**REQUIREMENT**: Every line below between the line holding "Caterpillar D4GXL, 5928" and the line holding "wow Mamma Kaffeetasse", inclusive, should be repeated exactly, and all other lines omitted.

**RECORDS**:
⟨
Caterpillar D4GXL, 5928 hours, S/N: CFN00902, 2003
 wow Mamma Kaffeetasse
⟩
⟨
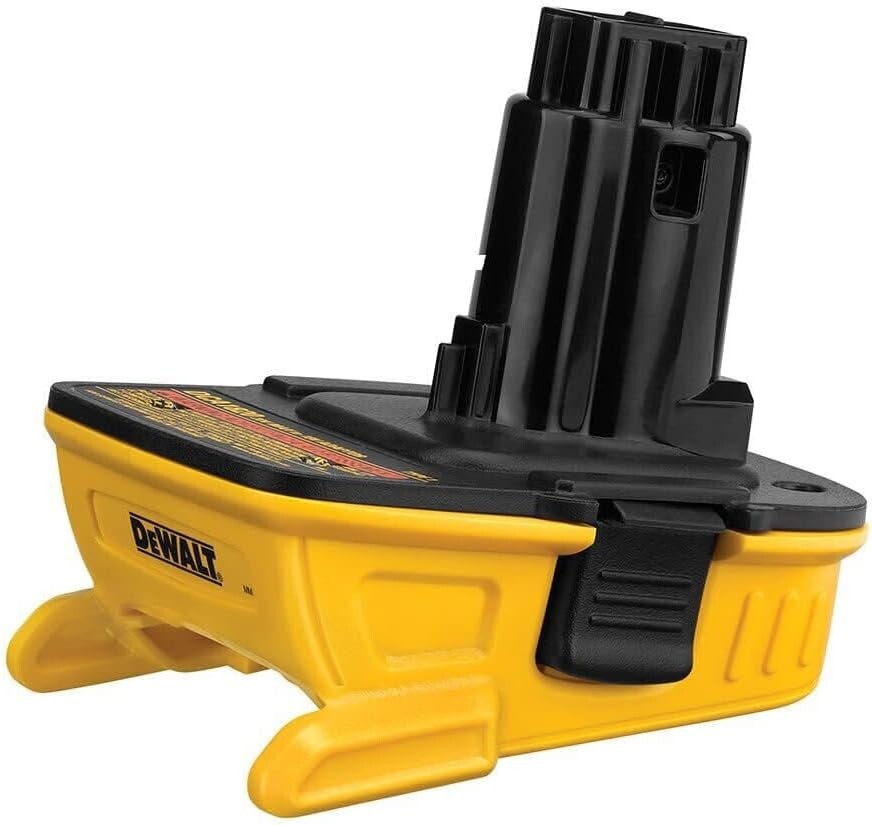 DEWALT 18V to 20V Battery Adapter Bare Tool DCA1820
⟩
**PROBLEM SOLUTION**:
Caterpillar D4GXL, 5928 hours, S/N: CFN00902, 2003
 wow Mamma Kaffeetasse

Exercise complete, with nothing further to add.